Diritti inviolabili o fondamentali - In genere - Diritto alla vita - Posizione privilegiata nell'ordinamento - Matrice di ogni altro diritto a tutela della persona, anziché di interessi collettivi - Prevalenza sulla libertà di autodeterminazione - Conseguente esclusione, al suo interno, del diritto a ottenere un aiuto a morire - Necessità di una lettura costituzionalmente orientata dell'omicidio del consenziente (art. 579 cod. pen.). (Classif. 081001).
Il diritto alla vita, riconosciuto implicitamente dall'art. 2 Cost., nonché, in modo esplicito, dall'art. 2 CEDU, è il primo dei diritti inviolabili dell'uomo, cioè di quei diritti che occupano nell'ordinamento una posizione, per dir così, privilegiata, in quanto appartengono all'essenza dei valori supremi sui quali si fonda la Costituzione italiana. Esso concorre a costituire la matrice prima di ogni altro diritto, costituzionalmente protetto della persona, e da esso discende il dovere dello Stato di tutelare la vita di ogni individuo: non quello - diametralmente opposto - di riconoscere all'individuo la possibilità di ottenere dallo Stato o da terzi un aiuto a morire. (Precedenti: S. 242/2019 - mass. 40813; S. 35/1997 - mass. 23114; S. 238/1996; S. 223/1996 - mass. 22959).
Il cardinale rilievo del valore della vita, se non può tradursi in un dovere di vivere a tutti i costi, neppure consente una disciplina delle scelte di fine vita che, in nome di una concezione astratta dell'autonomia individuale, ignori le condizioni concrete di disagio o di abbandono nelle quali, spesso, simili decisioni vengono concepite.

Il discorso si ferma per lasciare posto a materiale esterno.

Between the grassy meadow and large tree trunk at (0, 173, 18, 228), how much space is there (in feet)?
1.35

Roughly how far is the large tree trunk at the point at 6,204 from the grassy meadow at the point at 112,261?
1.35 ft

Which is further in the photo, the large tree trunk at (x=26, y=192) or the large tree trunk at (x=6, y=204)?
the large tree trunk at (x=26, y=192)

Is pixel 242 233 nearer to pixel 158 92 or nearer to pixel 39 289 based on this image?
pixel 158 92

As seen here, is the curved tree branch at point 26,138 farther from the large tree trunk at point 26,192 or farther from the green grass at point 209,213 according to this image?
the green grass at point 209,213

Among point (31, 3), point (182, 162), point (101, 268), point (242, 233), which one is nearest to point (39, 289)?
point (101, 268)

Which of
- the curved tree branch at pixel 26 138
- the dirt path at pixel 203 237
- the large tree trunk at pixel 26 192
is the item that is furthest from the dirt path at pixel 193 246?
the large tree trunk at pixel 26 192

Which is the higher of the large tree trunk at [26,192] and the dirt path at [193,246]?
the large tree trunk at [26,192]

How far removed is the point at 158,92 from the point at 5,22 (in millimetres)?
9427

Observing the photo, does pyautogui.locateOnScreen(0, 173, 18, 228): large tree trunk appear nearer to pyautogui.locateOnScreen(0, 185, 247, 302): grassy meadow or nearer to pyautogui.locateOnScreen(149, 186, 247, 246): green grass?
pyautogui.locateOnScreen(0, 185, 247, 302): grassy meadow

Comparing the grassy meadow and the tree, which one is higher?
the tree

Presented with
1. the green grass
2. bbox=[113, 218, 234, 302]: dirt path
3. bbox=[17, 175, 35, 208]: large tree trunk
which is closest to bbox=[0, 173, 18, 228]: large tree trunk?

Quando viene in rilievo il bene della vita umana, dunque, la libertà di autodeterminazione non può mai prevalere incondizionatamente sulle ragioni di tutela del medesimo bene, risultando, al contrario, sempre costituzionalmente necessario un bilanciamento che assicuri una sua tutela minima. (Precedente: O. 207/2018 - mass. 41525).
L'art. 579 cod. pen., che configura il delitto di omicidio del consenziente, erige una "cintura di protezione" indiretta rispetto all'attuazione di decisioni in danno autore dell'atto abdicativo, inibendo, comunque sia, ai terzi di cooperarvi, sotto minaccia di sanzione penale, seppure configurato come fattispecie autonoma di reato, punita con pena più mite di quella prevista in via generale per il delitto di omicidio, in ragione del ritenuto minor disvalore del fatto.

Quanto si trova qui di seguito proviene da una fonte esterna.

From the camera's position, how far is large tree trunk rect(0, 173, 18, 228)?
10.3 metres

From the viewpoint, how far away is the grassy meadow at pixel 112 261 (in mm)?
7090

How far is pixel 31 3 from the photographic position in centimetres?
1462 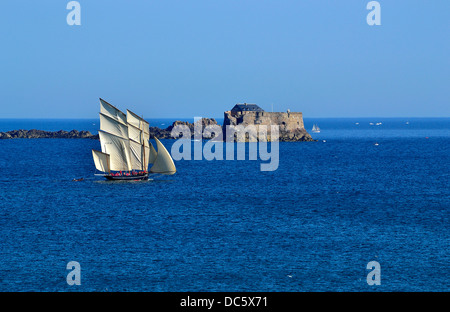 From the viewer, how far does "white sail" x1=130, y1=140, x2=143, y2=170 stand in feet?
291

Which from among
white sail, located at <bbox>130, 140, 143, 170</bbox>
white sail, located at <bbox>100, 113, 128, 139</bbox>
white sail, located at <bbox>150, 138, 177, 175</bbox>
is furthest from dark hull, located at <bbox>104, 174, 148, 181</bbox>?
white sail, located at <bbox>100, 113, 128, 139</bbox>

Se è ben vero che il legislatore del 1930, mediante la norma incriminatrice di cui all'art. 579 cod. pen., intendeva tutelare la vita umana intesa come bene indisponibile anche in funzione dell'interesse che lo Stato riponeva nella conservazione della vita dei propri cittadini, non è però affatto arduo cogliere, oggi, la ratio di tutela della norma alla luce del mutato quadro costituzionale, che guarda alla persona umana come a un valore in sé, e non come a un semplice mezzo per il soddisfacimento di interessi collettivi. (O. 207/2018).